Hello! I'm Rachel Sklar, former HuffPo Media Editor. This is my first time posting since I bade farewell last month, and it 's nice to be back. It's also nice to get a break from the Media page (so much orange!) and hang out here on the pretty purple Living Page for its "The Giving Life" column.
Here's my story: Not only am I celebrating my return to HuffPo today, it's also my birthday. I'm 36, which can sound sort of old when you're used to being a sprightly young 35. Needless to say, I was not looking forward to the birthday, and planned to let it pass quietly, with little more than a few grumbles and perhaps one or two self-pitying moans.
But these are strange and harsh times of late, and complaining about turning a year older seemed rather hollow compared to the actual problems people are facing these days. The economy's tanking. Belts are tightening. Banks are dissolving. To put it bluntly, things suck.

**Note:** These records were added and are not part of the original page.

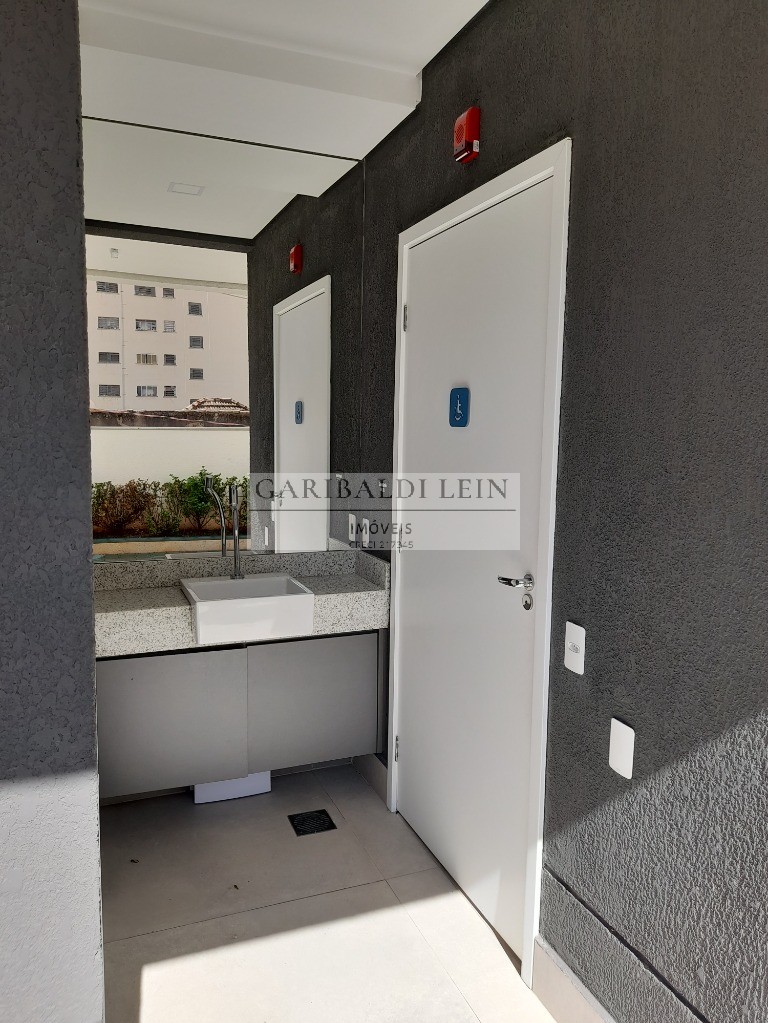 Apartamento residencial em campinas - sp, centro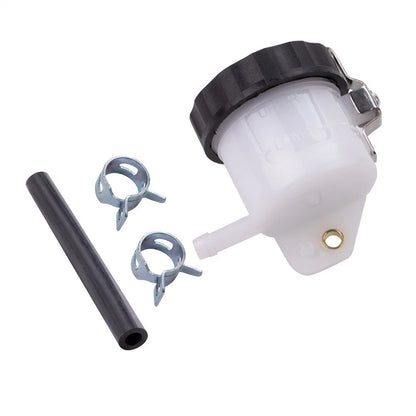 Front Brake Fluid Reservoir for Suzuki GSXR1000 TL1000 SV1000 SV650 (2001-2023)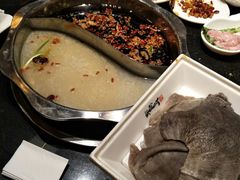 -纸盐河码头火锅(十八梯店)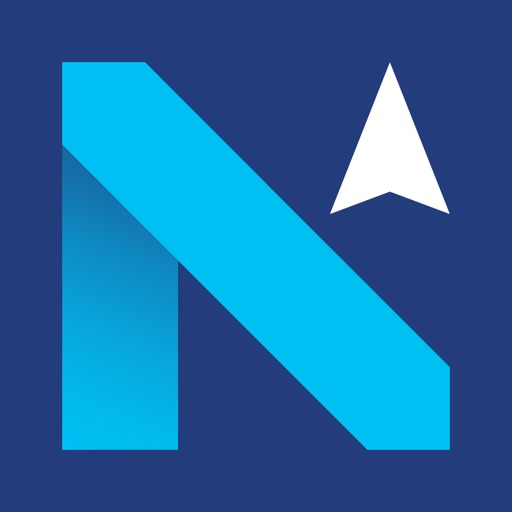 Nview icon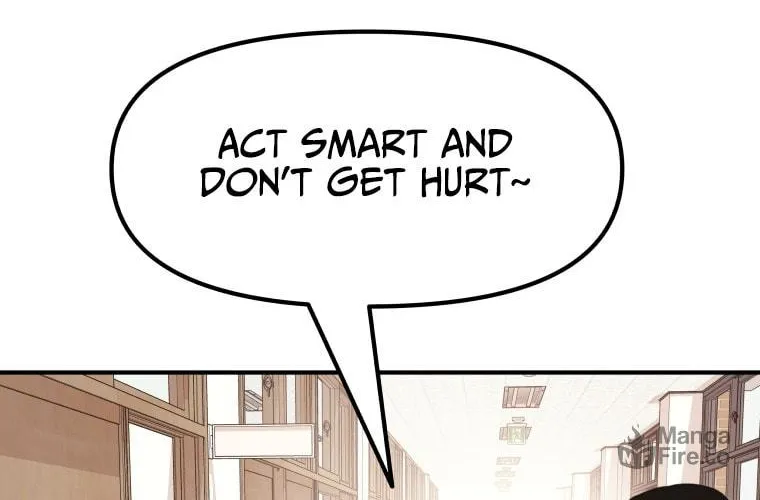 Read Guard Pass chapter 64 image 64 on Lezhin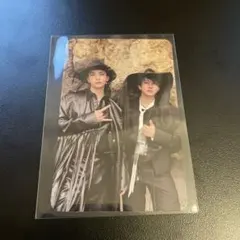 stray kids DO IT B&N フィリックス　チャンビン　ユニット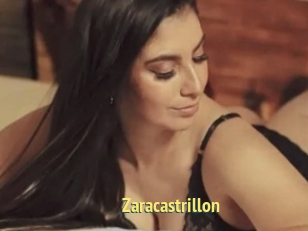 Zaracastrillon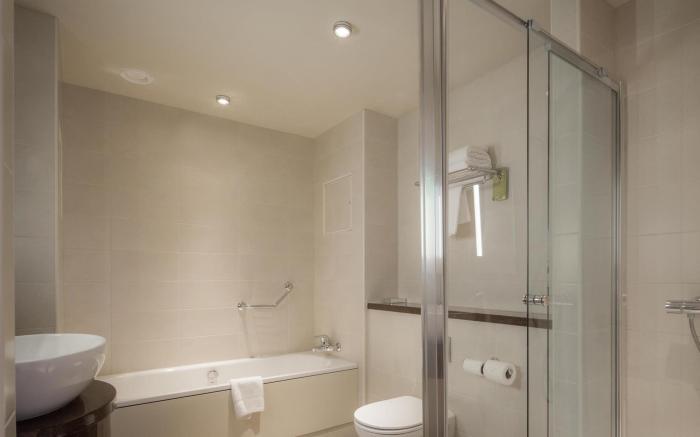 London Luton Vale Hotel By IHG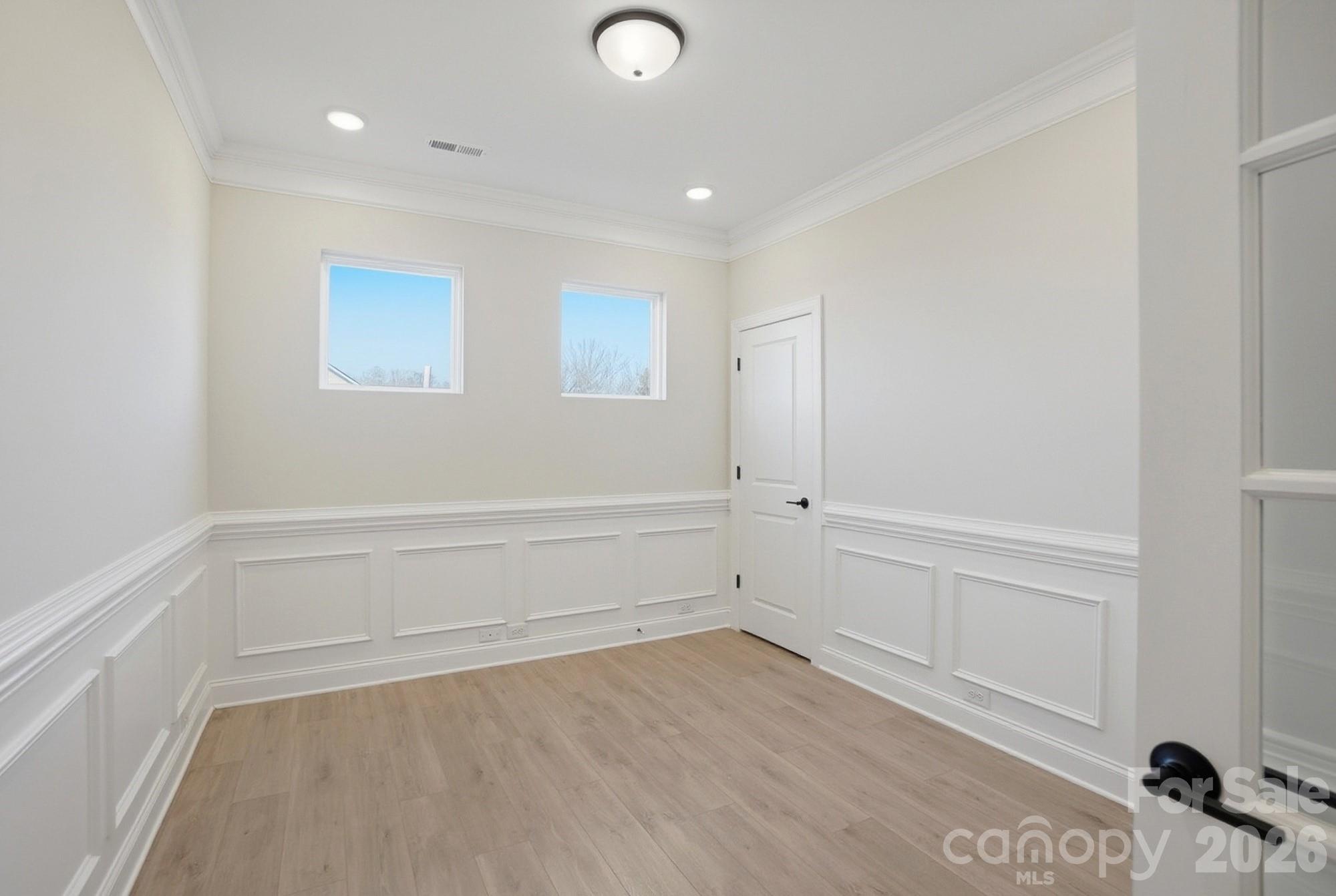 Founders Landing - Residential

Meanwhile, the people who have it worst are those for whom it has always sucked - the people who rely on charities and the kindness of others to improve their lives even just a bit. Charitable giving has taken a massive hit from this economic crisis - never mind no more Lehman Brothers for massive corporate giving, don't forget that Lehman Brothers employees gave, too. So did Citicorp's. Ditto GM. When times are tough for the givers, it's the givees who feel it the most.
Here's where the drinking comes in. Tonight, I've planned a birthday party with a twist: Instead of plying me with drinks 'til I'm wobbly, I've invited friends and colleagues to donate the equivalent sum to some of my favorite charities: Foundation Rwanda, Habitat for Humanity, DonorsChoose, and the Bob Woodruff Family Foundation. All are worthy causes in their own way, benefiting survivors of devastating genocide, rebuilding homes in Katrina-ravaged New Orleans, funding educational projects in needy classrooms, and caring for returning soldiers, wounded in the line of duty.
I know. What did I have to complain about, again?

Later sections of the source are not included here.